Based on the categorical ranking systems of the Pediatric Crohn’s Disease Activity Index and the Clinical Score of Kozarek. Statistics reflect available data (N = 175).
Measures
Depressive Symptoms
Depressive symptoms were measured using the Children’s Depression Inventory (CDI) [22]. The CDI is a 27-item self-report questionnaire that assesses the presence of affective, cognitive and behavioral signs of depression over the past two weeks among children and adolescents. Each of the 27 items are rated along a 3-point ordinal scale with a 0, 1, or 2 corresponding to the severity of the depressive symptom, with 2 being the most severe. The CDI has been extensively validated and has shown adequate internal consistency, test-retest reliability, as well as convergent and discriminant validity [22].
IBD Illness Severity
The Pediatric Crohn’s Disease Activity Index (PCDAI) [25] and the Clinical Score of Kozarek (CSK) [26] were used to measure the severity of Crohn’s disease and ulcerative colitis activity, respectively. Both scales are derived from standard information obtained during routine gastroenterology visits and recorded in the medical chart. Both scales rate a combination of IBD-related signs and symptoms (e.g., abdominal pain, diarrhea, and well-being); however, the PCDAI also incorporates laboratory hematology values. All disease severity scores were coded by a trained rater blind to depressive severity status. Individual scale items were categorically ranked and then all items were summed to yield a total continuous score of disease severity. A categorical rating system based on the continuous total score (0–14 = inactive, 15–30 = mild, and ≥ 31 = moderate/severe) was then applied in order to pool the PCDAI and CSK data, providing a single variable reflective of IBD illness severity. A random 20% of both measures were scored independently by an expert coder. Inter-rater reliability was adequate for both the PCDAI (Cohen’s κ = 0.85) and CSK (Cohen’s κ = 0.90). Disagreements on individual items were resolved by clinician consensus. There was 100% agreement on the categorical ratings of disease severity.
Statistical Analysis
An exploratory factor analysis (EFA) was used to examine the factor structure of the CDI, specifically to assess the underlying latent structure of depressive content in physical illness. A principal axis factoring extraction was applied because the data did not follow a normal distribution. Prior to performing the EFA, the suitability of the data for factor analysis was assessed using the Kaiser-Meyer-Olkin statistic [27, 28] and Bartlett’s Test of Sphericity [29]. The number of components to retain was determined by using the Scree plot [30], Kaiser rule (Eigenvalue > 1), and theoretical interpretability. A quartimax rotation was applied in order to facilitate interpretability. Items with factor loadings of .40 or higher were retained on their respective factor. Cronbach’s coefficient alpha was calculated for the total measure and each resulting factor in order to examine the instrument’s internal consistency [31].

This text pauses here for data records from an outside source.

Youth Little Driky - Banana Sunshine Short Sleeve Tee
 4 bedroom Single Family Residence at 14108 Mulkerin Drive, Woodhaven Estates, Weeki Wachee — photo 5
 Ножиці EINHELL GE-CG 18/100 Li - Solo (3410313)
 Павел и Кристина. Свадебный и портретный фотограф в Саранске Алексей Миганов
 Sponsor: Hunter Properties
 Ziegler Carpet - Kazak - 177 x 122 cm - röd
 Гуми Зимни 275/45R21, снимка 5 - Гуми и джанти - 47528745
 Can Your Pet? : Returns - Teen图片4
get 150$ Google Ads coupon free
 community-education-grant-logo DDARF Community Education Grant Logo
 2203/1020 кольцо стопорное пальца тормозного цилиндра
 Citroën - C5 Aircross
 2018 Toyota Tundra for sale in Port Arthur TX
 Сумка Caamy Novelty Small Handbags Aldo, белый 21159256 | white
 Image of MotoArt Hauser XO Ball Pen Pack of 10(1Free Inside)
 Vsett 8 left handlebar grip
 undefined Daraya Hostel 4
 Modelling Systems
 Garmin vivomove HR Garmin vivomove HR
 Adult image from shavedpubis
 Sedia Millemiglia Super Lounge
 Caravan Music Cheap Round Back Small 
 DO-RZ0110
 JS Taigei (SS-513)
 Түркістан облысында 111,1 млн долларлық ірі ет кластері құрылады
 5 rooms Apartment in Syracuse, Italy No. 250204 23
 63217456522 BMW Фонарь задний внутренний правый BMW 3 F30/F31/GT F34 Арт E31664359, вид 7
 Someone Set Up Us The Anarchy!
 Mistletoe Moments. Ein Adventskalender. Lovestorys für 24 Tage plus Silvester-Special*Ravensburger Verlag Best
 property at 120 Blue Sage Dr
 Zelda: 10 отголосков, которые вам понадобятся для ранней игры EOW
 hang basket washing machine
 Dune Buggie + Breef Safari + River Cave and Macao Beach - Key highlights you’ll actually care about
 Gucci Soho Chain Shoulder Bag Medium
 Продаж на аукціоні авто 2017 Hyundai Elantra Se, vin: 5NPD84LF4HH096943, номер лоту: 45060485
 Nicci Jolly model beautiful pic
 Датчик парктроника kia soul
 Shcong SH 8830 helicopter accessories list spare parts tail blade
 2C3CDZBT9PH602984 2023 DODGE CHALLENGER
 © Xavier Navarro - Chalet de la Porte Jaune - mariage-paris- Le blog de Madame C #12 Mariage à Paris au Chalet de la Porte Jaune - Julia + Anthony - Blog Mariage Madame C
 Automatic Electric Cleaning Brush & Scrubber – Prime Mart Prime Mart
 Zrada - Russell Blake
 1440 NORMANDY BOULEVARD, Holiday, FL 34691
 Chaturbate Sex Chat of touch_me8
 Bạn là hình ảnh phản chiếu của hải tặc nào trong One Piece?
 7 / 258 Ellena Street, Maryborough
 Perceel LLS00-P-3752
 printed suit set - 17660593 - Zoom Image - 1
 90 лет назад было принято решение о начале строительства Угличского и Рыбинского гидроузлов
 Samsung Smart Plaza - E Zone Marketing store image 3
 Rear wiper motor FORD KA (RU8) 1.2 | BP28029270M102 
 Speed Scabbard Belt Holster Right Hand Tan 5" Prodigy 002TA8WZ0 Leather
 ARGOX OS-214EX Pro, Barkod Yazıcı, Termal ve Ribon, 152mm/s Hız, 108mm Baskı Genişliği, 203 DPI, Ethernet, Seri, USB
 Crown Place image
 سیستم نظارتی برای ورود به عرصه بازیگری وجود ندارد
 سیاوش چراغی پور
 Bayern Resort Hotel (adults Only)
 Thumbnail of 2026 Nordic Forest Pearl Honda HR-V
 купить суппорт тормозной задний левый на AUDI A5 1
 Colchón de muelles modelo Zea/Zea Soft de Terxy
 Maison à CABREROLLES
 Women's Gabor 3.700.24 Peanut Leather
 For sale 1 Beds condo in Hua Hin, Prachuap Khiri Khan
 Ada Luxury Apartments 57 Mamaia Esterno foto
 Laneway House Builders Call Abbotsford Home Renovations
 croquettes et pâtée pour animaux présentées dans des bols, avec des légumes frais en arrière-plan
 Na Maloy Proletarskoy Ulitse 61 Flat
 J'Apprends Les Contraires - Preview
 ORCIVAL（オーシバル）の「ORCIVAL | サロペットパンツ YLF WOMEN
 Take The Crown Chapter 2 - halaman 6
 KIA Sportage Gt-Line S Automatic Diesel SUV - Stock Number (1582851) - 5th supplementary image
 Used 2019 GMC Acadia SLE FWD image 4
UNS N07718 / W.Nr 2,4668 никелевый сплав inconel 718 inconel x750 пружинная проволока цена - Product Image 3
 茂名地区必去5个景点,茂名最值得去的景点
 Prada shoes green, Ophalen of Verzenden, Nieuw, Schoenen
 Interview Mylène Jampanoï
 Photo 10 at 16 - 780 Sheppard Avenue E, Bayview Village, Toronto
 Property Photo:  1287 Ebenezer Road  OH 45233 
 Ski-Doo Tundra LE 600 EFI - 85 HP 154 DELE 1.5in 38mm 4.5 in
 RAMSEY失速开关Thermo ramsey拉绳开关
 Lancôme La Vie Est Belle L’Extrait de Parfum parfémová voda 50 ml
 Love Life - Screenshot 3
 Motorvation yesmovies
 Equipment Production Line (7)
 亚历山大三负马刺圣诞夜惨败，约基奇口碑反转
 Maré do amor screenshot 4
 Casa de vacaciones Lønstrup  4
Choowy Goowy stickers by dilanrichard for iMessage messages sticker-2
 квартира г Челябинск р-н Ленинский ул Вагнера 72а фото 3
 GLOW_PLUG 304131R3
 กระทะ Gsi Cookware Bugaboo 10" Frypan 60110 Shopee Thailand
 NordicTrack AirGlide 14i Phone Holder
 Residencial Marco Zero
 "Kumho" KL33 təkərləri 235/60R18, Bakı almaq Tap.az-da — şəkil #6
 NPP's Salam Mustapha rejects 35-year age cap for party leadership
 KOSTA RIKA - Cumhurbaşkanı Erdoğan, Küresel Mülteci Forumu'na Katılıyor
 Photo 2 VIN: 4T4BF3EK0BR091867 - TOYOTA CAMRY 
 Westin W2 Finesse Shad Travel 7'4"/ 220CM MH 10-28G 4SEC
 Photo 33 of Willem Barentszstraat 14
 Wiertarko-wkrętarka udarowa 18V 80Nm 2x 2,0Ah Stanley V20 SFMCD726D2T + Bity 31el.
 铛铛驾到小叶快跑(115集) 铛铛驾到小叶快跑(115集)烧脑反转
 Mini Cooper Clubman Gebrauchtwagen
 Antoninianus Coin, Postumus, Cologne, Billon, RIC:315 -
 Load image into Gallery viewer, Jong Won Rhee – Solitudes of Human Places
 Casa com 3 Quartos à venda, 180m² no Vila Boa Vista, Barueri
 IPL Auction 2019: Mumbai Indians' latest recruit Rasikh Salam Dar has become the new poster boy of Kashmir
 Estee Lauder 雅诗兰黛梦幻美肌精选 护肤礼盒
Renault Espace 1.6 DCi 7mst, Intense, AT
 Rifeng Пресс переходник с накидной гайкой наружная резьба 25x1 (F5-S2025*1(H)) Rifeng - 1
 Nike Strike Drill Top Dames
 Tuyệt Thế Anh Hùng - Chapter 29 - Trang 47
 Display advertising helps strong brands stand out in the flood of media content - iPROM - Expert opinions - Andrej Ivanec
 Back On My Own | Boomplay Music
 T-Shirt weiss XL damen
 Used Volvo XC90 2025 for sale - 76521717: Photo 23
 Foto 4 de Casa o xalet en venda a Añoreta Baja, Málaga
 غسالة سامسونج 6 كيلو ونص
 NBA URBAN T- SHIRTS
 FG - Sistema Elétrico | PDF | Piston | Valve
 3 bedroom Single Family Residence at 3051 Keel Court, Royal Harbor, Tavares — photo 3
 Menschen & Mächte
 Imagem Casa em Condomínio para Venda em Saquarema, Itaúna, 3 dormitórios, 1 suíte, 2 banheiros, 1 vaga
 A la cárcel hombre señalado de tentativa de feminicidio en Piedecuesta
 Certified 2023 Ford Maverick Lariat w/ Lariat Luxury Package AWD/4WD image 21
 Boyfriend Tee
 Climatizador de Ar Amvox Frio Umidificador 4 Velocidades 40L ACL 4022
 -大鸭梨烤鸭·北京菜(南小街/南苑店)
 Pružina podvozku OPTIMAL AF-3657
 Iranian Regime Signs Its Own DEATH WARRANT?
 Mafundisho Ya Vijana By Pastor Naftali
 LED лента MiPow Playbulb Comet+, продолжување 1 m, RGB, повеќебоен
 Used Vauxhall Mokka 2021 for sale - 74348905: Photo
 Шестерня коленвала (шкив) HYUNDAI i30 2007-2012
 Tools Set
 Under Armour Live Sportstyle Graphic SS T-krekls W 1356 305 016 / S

Subsequently, the retained CDI factors served as predictor variables in a post hoc multiple regression model examining the relationship between CDI factors and IBD severity. Generalized linear model techniques were used to determine what model would provide optimal fit given the data. The following three goodness-of-fit indices were examined in order to determine appropriate model fit: scaled deviance to degrees of freedom ratio, Pearson chi-square statistic, and Hurvich and Tsai’s Criterion (AICC). Steroid dose was entered as a covariate in the regression model to control for potential drug effects. IBD severity information was missing for 9% of cases, thus the association was tested only among participants with complete data available (N = 173).
Results
CDI Factor Structure and Internal Consistency
The Kaiser-Meyer-Olkin value was .84 (exceeding the recommended value of .60) and the Bartlett’s Test of Sphericity reached statistical significance [χ2 (351) = 1799.49, p < .001], supporting the factorability of the correlation matrix. The initial EFA revealed the presence of eight factors with Eigenvalues exceeding 1, explaining a cumulative total of 63.91% of the variance in CDI items. However, this factor solution was not readily interpretable and a number of the factors reflected “scree” (i.e., loaded two or less items).
To facilitate identification of a viable CDI factor structure within the IBD population, a quartimax rotation was applied to the model. Subsequently, the CDI appeared to be best explained by a three-factor model that cumulatively accounted for 41.58% of the variance in CDI item scores. The majority of items (26) loaded highly on a single factor, overall showing a clean and interpretable component structure (see Table 2). Because item 17 loaded highly on two factors, it was retained only on the factor reflecting the highest loading. Item 8 did not reach the . 40 factor loading standard, and so was not retained. Factor 1, which accounted for 26.61% of the variance, was characterized primarily by mood items. Factor 2 accounted for 8.14% of the variance and loaded items reflective of externalizing behaviors and motivational difficulties (i.e., acting out behavior and school problems). Finally, Factor 3 accounted for 6.83% of the variance and was distinctively characterized, as hypothesized, by somatic complaints (e.g., disrupted sleep, fatigue, appetite, and worry about aches and pain). All factors were found to be significantly correlated with each other and the total CDI score (see Table 3). Additionally, total CDI and factor scores were also significantly correlated with current steroid dose (ps < .05), with the exception of the Behavioral/Motivational factor.
Table 2.
Orthogonal Three-Factor Solution for Children’s Depression Inventory in Youth with Inflammatory Bowel Disease (N = 191)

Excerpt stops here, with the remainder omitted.